● **Goal of the exercise**
Without adding anything, give again the lines from the one holding "Light Family Room" through the final line of the records, exactly, with both ends included and pictures dropped.

● **Exercise materials**
-*-*-
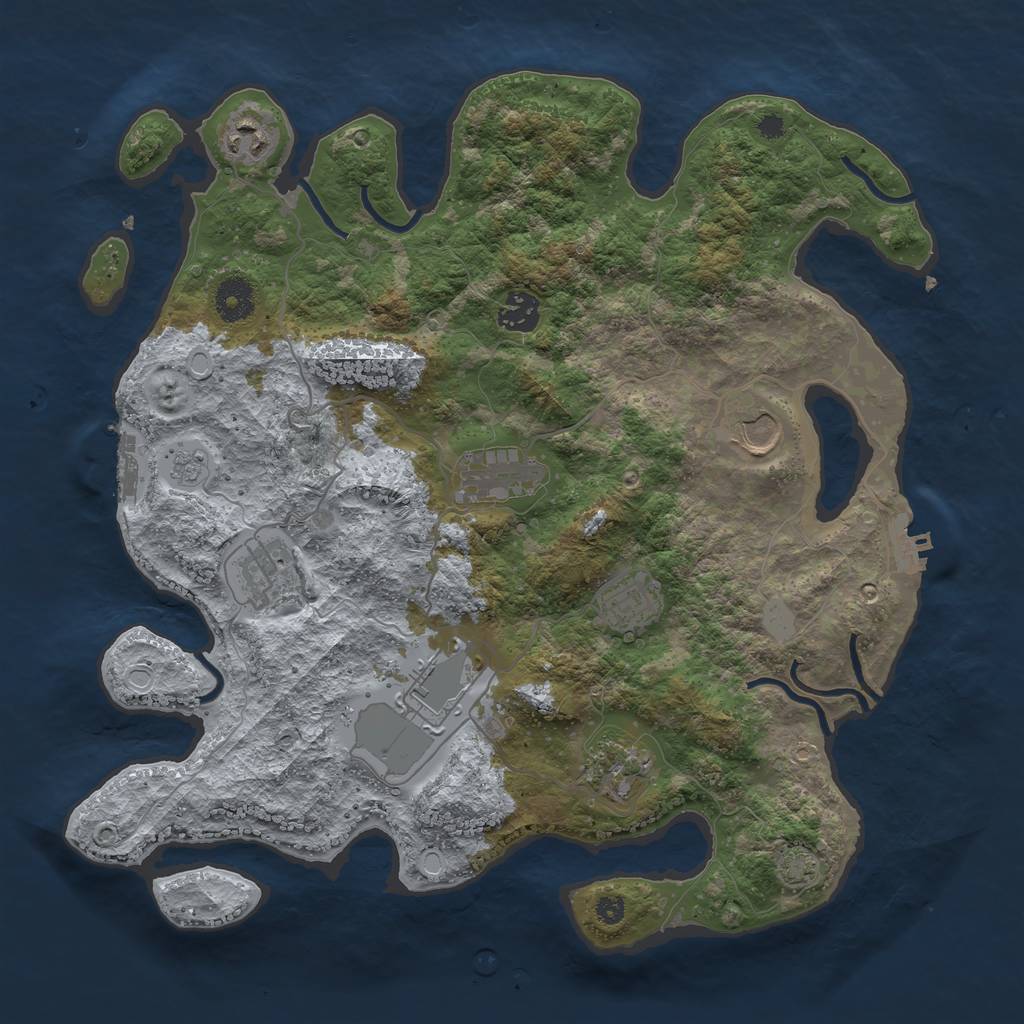 Rust Map: Procedural Map, Size: 3650, Seed: 80563818, 15 Monuments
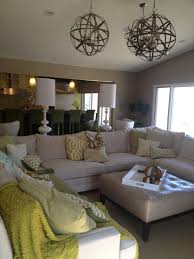 Light Family Room Sectional Like Colors Light Fixtures Layout Family Room Family Living Rooms Living Room Furniture Layout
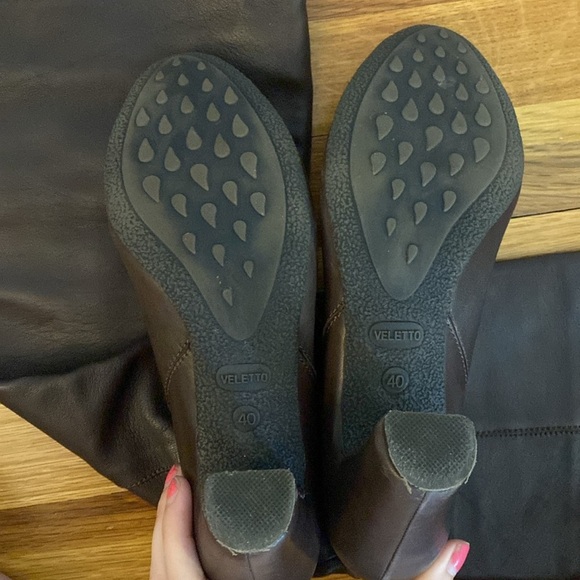 Veletto Women’s Brown Leather Knee High Heeled Boots Size 40 - Picture 6 of 7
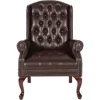 Traditional Queen Anne Style Chair with Thick Padded Seat and Lumbar Support Back with Royal Cherry Finish Wood Legs,Oxblood 3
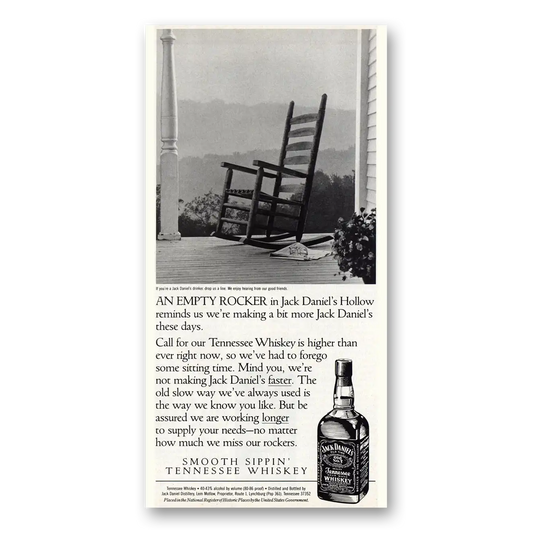 1992 Jack Daniels An Empty Rocker Vintage Magazine Print Ad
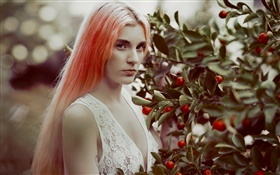 Red hair girl, berries, fruits HD wallpaper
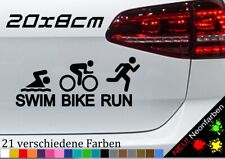 Triathlon Aufkleber Swim Bike Run 20x8cm Olympische Spiele laufen schwimmen Rad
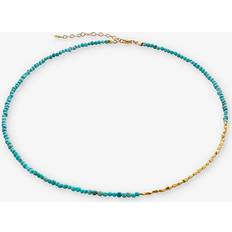 Monica Vinader Necklaces Monica Vinader Nugget Turquoise and Rice Bead Necklace, Gold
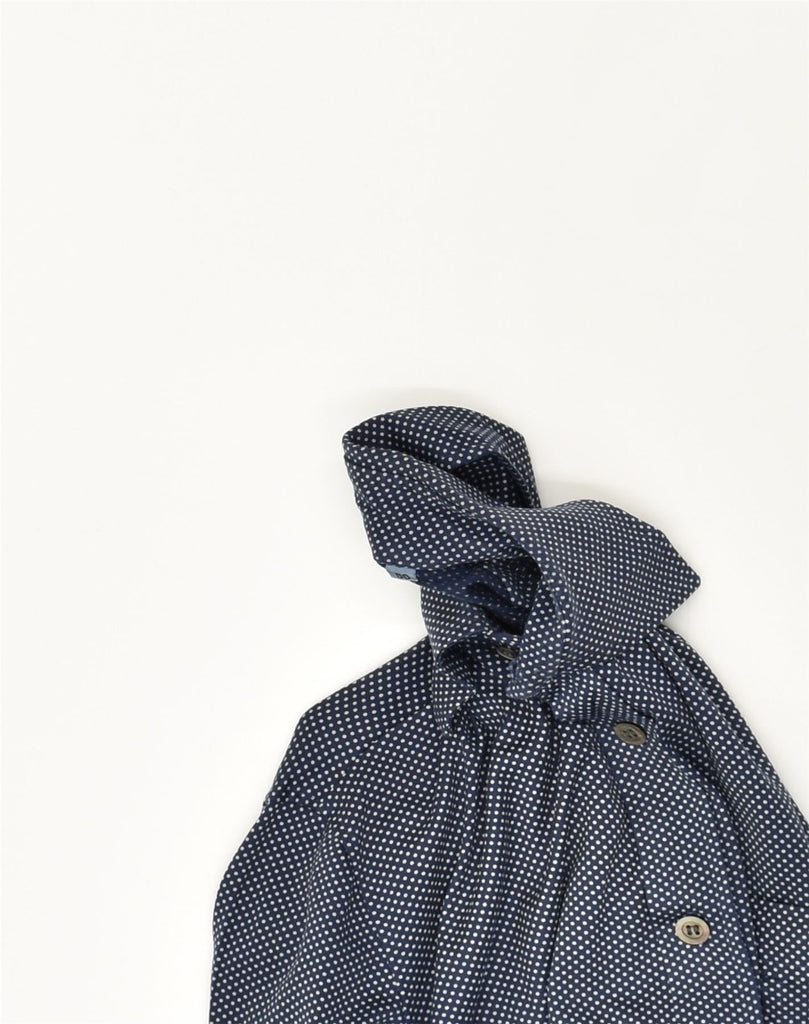 ERMENEGILDO ZEGNA Mens Shirt Size 40 Medium Navy Blue Polka Dot Cotton | Vintage Ermenegildo Zegna | Thrift | Second-Hand Ermenegildo Zegna | Used Clothing | Messina Hembry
-*-*-
● **Written answer**
 Light Family Room Sectional Like Colors Light Fixtures Layout Family Room Family Living Rooms Living Room Furniture Layout
 Veletto Women’s Brown Leather Knee High Heeled Boots Size 40 - Picture 6 of 7
 Traditional Queen Anne Style Chair with Thick Padded Seat and Lumbar Support Back with Royal Cherry Finish Wood Legs,Oxblood 3
 1992 Jack Daniels An Empty Rocker Vintage Magazine Print Ad
 Red hair girl, berries, fruits HD wallpaper
 Triathlon Aufkleber Swim Bike Run 20x8cm Olympische Spiele laufen schwimmen Rad
 Monica Vinader Necklaces Monica Vinader Nugget Turquoise and Rice Bead Necklace, Gold
 ERMENEGILDO ZEGNA Mens Shirt Size 40 Medium Navy Blue Polka Dot Cotton | Vintage Ermenegildo Zegna | Thrift | Second-Hand Ermenegildo Zegna | Used Clothing | Messina Hembry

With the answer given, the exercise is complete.